Hannah grinned evilly. "No reason why you should have. They managed to go extinct themselves, about the same time the Neanderthals checked out. But the punch line is that they didn't just do the genetic mods for Reqwar before they died out. They encrypted their work."

Jamie sat bolt upright. "
What?
Encrypted DNA? Is that even possible?"

"I have no idea. But this isn't DNA--it's whatever genetic code life from the Pavlat home world uses. And encryption must be possible with that genetic material because the Kreflar did it. In effect, you have to know the password before you can reset the clocks on all the kill-genes."

"And the people who know the passwords are all dead."

"And the kill-genes are starting to activate," Hannah said. "Unless or until Georg and his friends manage to decrypt the code and reset the timers, Reqwar's entire terrestrial ecology is going to collapse and die out within one or two human lifetimes.
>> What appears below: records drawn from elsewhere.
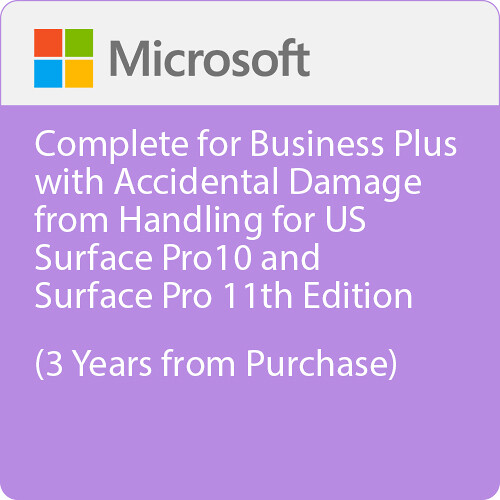 Microsoft 3-Year Complete for Business Plus for Surface Pro 10 and 11th Edition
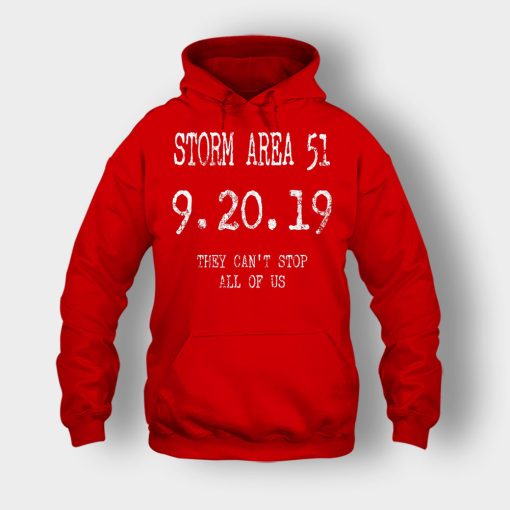 STORM-AREA-51-They-Cant-Stop-All-of-Us-Alien-UFO-Ver.-1-Unisex-Hoodie-Red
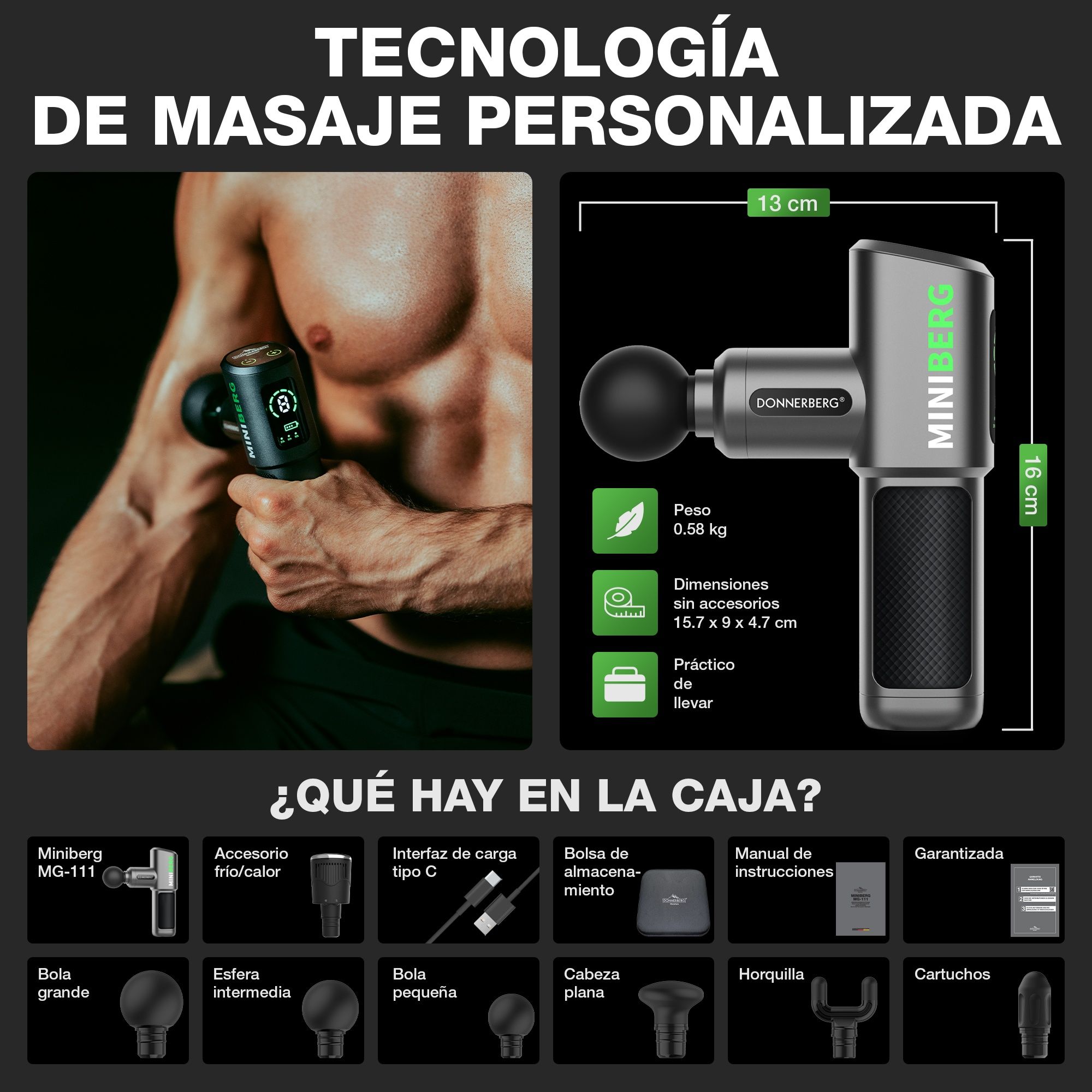 pistola de masaje muscular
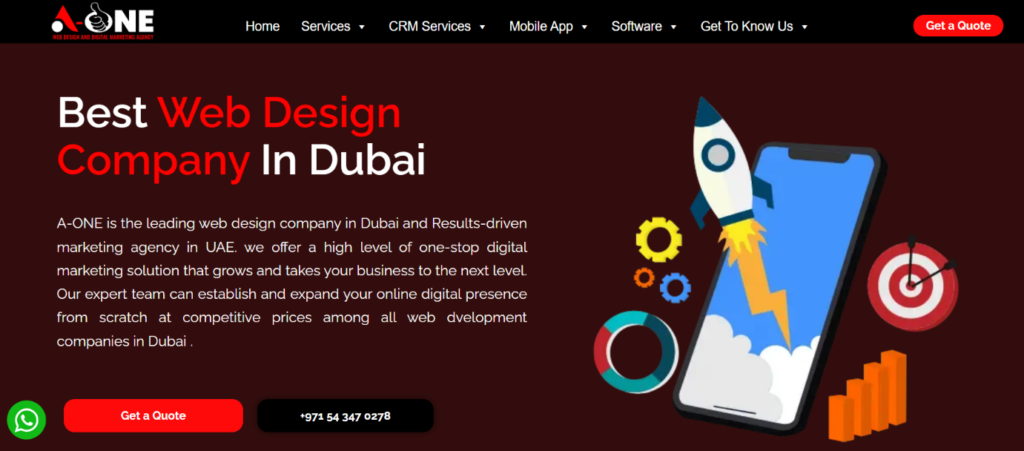 A-ONE Web Design Dubai Company in dubai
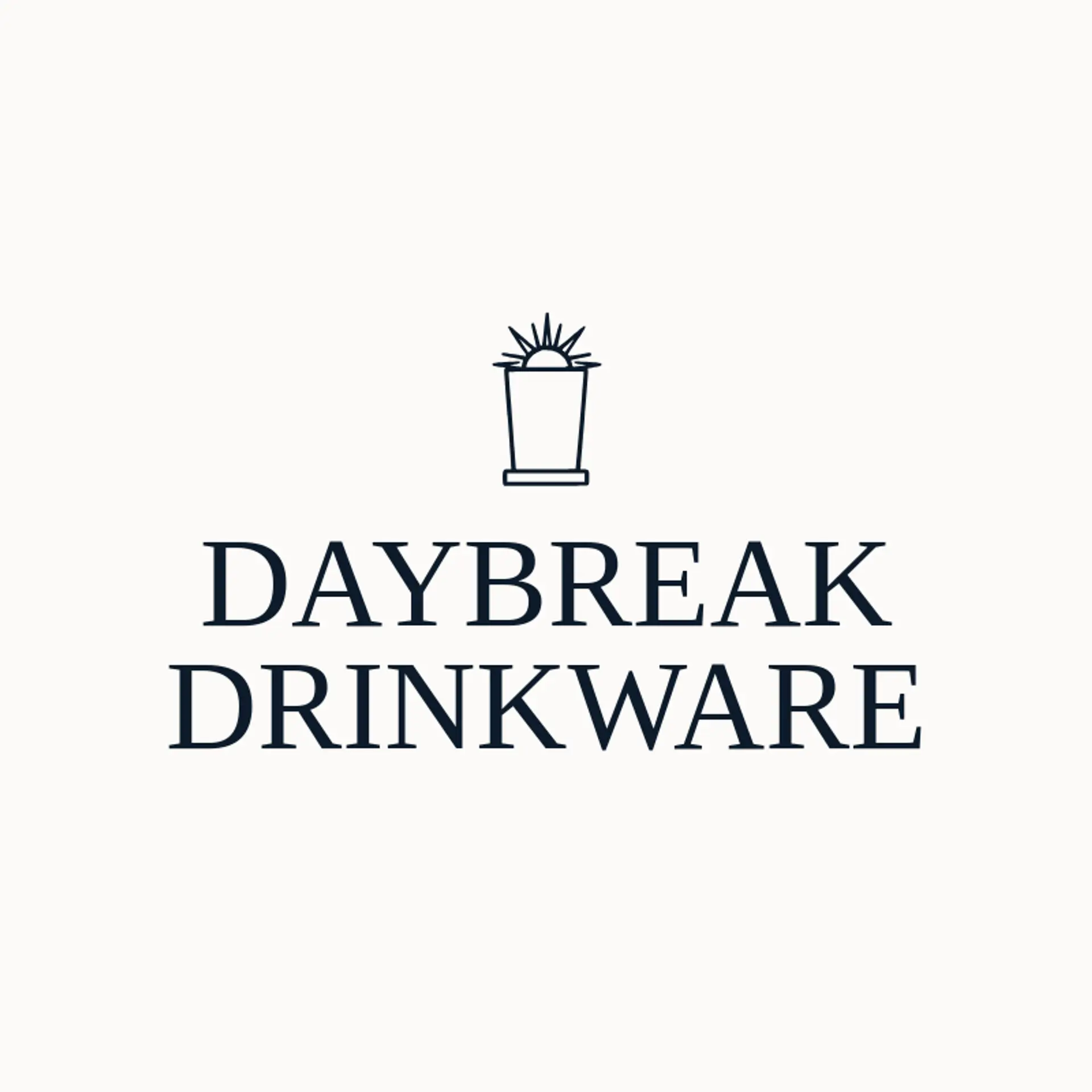 Daybreak Drinkware logo for tumbler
"In other words," Hannah went on, "the stakes on this case are a lot higher than where one man serves out a prison sentence. The question is whether much of anyone on Reqwar will be alive by the time he
finishes
serving it."

SIX
MIRACLES

Marta Hertzmann stared at the display screen as she slowly and carefully shifted the scan-scope's field of view to the next encoding site. She spotted the telltale encrypt-start sequence and used the marker controls to lock in on it. She glanced down at her status boards. The learning sequencer was following right along with her, recording all her actions. She highlighted the encrypt-start sequence and flagged it, then moved down the gene to the encyprt-stop marker, and repeated the process. That was the last one on that gene--and, praise be, the last encrypt site for that species.
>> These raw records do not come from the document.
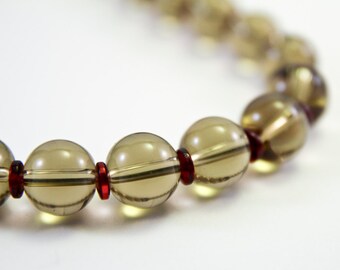 Smokey Quartz Classic Beaded Necklace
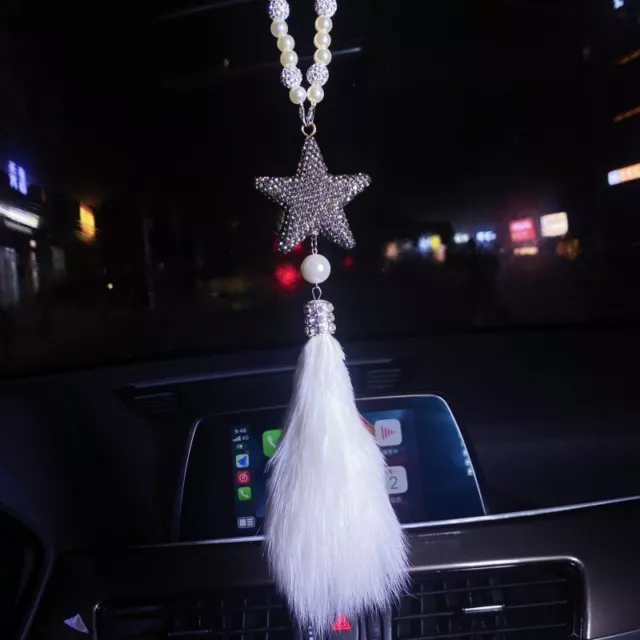 Car Pendant Woolly Grey Star Pendant Rearview Mirror Suspension Adorns The Car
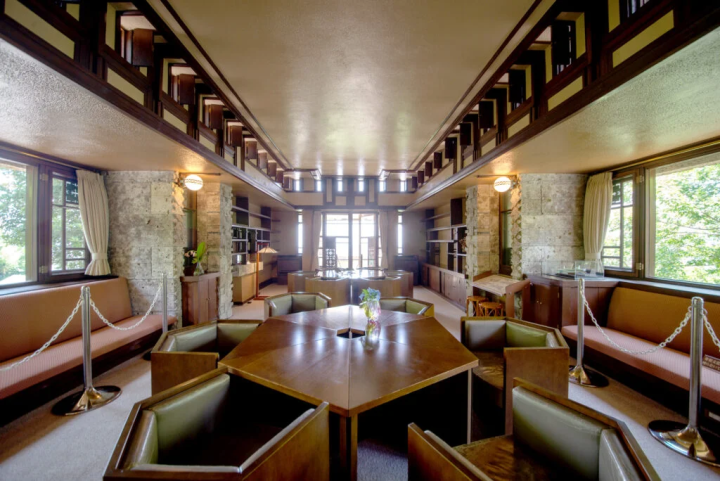 【고베시】 일본에 현존하는 귀중한 프랭크 로이드 라이트 건축은 최고의 사진 빛나는 장소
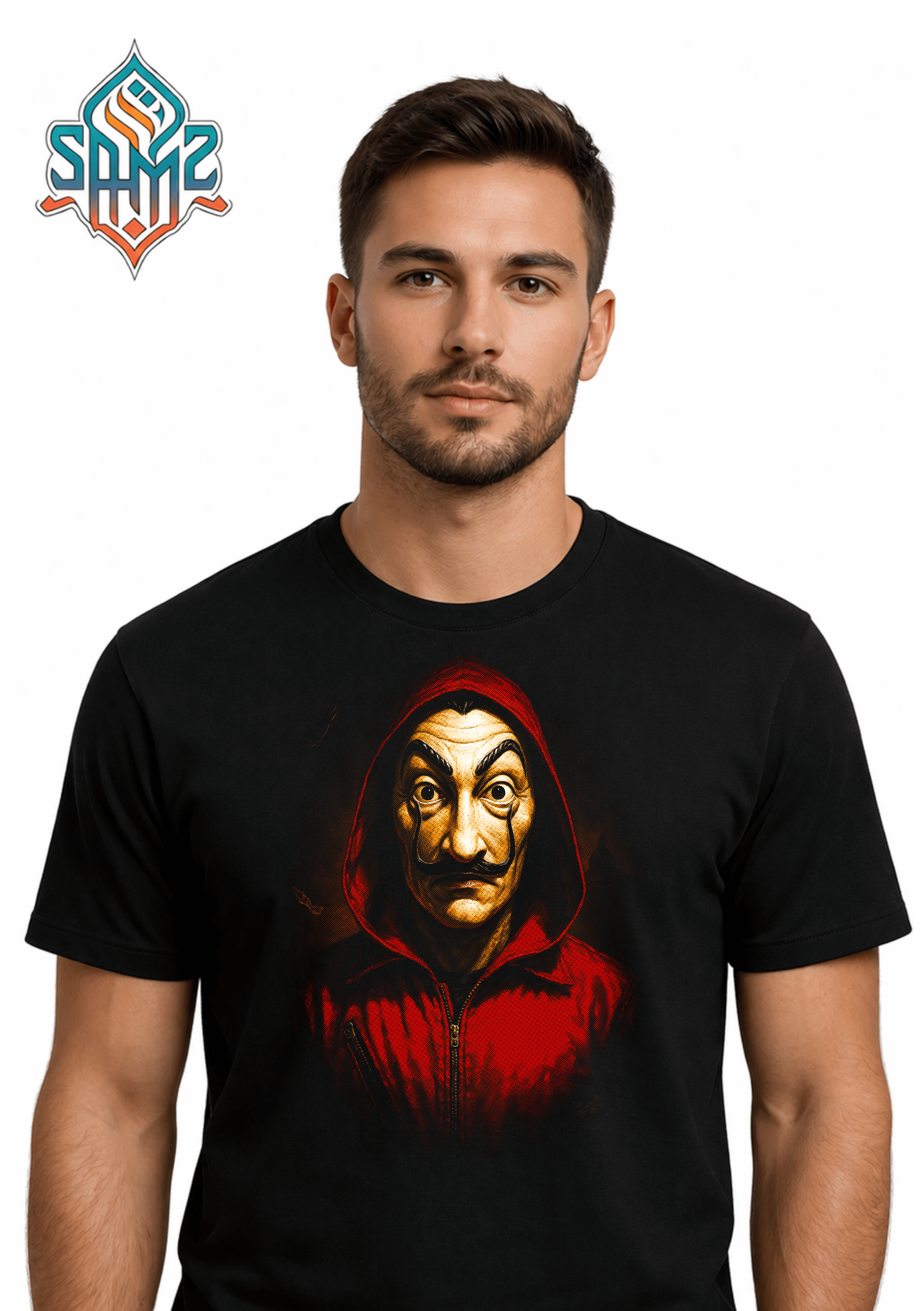 Masked Rebel Character – Premium DTF Transfer Print for T-Shirts | Custom Heat Transfer Design Unisex | High Quality Shirt Printing | SAMZ 24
She let out a sigh of relief, saved her work, and lifted her hands away from the controls, being careful not to joggle anything. Delicate work. Delicate, intricate work. Soon, very soon, she hoped, the learning systems would have enough parameters to automate the process.

Marta had custom-designed the scan-scope's gene manipulation system herself, and built most of it by hand. She knew the limitations of the system as well as anyone. It was an excellent machine, but if the project had to rely on manual tagging--let alone manual decryption--they'd never get done. Even with Georg working alongside her, there was infinitely more work than two operators could do. And, of course, Georg was not working alongside her. She glanced at the other scan-scope, and the vacant operator's chair in front of it. It was hard to imagine any circumstances under which he would be there again.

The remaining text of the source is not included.